> Provided information
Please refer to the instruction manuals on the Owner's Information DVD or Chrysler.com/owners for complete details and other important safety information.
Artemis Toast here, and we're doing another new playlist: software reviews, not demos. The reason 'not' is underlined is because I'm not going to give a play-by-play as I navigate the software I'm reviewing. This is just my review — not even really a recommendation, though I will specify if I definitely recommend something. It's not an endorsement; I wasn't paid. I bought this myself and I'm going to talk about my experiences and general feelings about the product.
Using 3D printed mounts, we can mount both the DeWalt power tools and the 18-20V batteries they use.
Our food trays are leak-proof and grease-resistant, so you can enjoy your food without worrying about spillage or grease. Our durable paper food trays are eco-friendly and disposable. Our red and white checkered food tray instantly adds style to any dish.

...

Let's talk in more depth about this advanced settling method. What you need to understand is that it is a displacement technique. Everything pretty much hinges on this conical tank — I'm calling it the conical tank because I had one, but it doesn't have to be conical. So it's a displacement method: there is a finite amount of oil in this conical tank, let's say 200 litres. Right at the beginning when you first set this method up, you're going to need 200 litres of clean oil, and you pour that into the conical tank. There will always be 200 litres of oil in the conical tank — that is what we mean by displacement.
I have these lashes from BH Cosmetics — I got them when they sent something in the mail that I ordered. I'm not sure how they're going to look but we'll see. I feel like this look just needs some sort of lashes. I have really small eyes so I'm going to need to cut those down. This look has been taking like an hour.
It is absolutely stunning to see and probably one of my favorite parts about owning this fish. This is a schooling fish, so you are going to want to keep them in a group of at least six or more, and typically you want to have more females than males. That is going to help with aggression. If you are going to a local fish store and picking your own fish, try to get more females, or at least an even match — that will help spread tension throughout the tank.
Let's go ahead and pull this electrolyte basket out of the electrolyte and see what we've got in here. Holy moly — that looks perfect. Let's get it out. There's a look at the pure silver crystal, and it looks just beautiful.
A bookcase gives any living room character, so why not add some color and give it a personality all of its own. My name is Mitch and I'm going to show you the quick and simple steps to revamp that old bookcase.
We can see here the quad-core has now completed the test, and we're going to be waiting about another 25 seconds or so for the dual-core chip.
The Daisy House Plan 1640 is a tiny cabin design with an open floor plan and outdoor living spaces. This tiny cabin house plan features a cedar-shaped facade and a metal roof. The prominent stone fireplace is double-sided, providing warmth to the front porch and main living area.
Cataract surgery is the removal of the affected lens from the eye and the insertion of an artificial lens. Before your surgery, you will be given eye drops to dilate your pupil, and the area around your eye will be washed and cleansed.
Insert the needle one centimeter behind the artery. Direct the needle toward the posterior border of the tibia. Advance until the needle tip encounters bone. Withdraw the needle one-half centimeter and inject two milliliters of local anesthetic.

> Exercise directions
Lines to set down from above: the line with "Let's go ahead", the line with "Insert the needle", and every line between, each exactly as written.

> Reply to the exercise
Let's go ahead and pull this electrolyte basket out of the electrolyte and see what we've got in here. Holy moly — that looks perfect. Let's get it out. There's a look at the pure silver crystal, and it looks just beautiful.
A bookcase gives any living room character, so why not add some color and give it a personality all of its own. My name is Mitch and I'm going to show you the quick and simple steps to revamp that old bookcase.
We can see here the quad-core has now completed the test, and we're going to be waiting about another 25 seconds or so for the dual-core chip.
The Daisy House Plan 1640 is a tiny cabin design with an open floor plan and outdoor living spaces. This tiny cabin house plan features a cedar-shaped facade and a metal roof. The prominent stone fireplace is double-sided, providing warmth to the front porch and main living area.
Cataract surgery is the removal of the affected lens from the eye and the insertion of an artificial lens. Before your surgery, you will be given eye drops to dilate your pupil, and the area around your eye will be washed and cleansed.
Insert the needle one centimeter behind the artery. Direct the needle toward the posterior border of the tibia. Advance until the needle tip encounters bone. Withdraw the needle one-half centimeter and inject two milliliters of local anesthetic.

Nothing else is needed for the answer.